Diecimila commercianti e lavoratori sono stati direttamente danneggiati dalla perdita delle merci, delle infrastrutture e dei posti di lavoro, ma le conseguenze potrebbero essere maggiori perché si calcola che almeno trentamila ghaneani dipendano da questo mercato per la loro sussistenza. Il sito Okayafrica racconta la storia del commerciante William Kesse, che ha visto finire in cenere quattro negozi con tutte le merci che c’erano dentro, tra cui più di ottocento paia di scarpe.

Secondo la Or foundation, un’organizzazione statunitense-ghaneana che fa campagna contro l’inquinamento da rifiuti tessili in Ghana, a Kantamanto ogni mese si vendono 25 milioni di capi d’abbigliamento usati, che nei negozietti del mercato vengono anche riparati e riconvertiti. I colorati banchi di Kantamanto sono stati anche una fonte d’ispirazione per creativi, fotografi e stilisti locali che usano vestiti riciclati, e che hanno reso questo mercato un simbolo globale di quello che non va nell’industria mondiale dell’abbigliamento, in particolare nella fast-fashion.

La gran parte delle merci che finiscono sui banchi di Kantamanto sono importate dai paesi occidentali, in particolare Stati Uniti, Canada e Regno Unito, che non sanno come smaltire le enormi quantità di rifiuti tessili che producono e per questo li esportano nei paesi del sud globale.
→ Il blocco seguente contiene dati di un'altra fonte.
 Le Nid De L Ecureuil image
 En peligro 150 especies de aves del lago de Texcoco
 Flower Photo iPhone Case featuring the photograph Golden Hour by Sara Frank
In un momento in cui l’industria della moda non ha soluzioni efficaci per gestire i rifiuti che produce, scrive il sito Vogue Business, non si possono sottostimare le conseguenze della perdita di un mercato come quello di Kantamanto. Ogni settimana, secondo le stime della Or foundation, il mercato riceve quindici milioni di capi di abbigliamento di seconda mano. Per questo, il direttore creativo dell’organizzazione, Daniel Mawuli Quist, ha chiamato in causa le grandi aziende dell’abbigliamento affinché si impegnino per la ricostruzione del mercato: “È il momento che l’ecosistema della moda mondiale mostri la sua solidarietà… con un impegno tangibile”.

Greenpeace Africa ha denunciato in un recente rapporto che il Ghana paga comunque un prezzo molto alto accogliendo i vestiti dismessi dal nord del mondo: il 40 per cento dei capi importati sono troppo rovinati per essere riutilizzati e finiscono nelle discariche a cielo aperto e in mare, con conseguenze molto gravi per l’ambiente e la salute delle persone.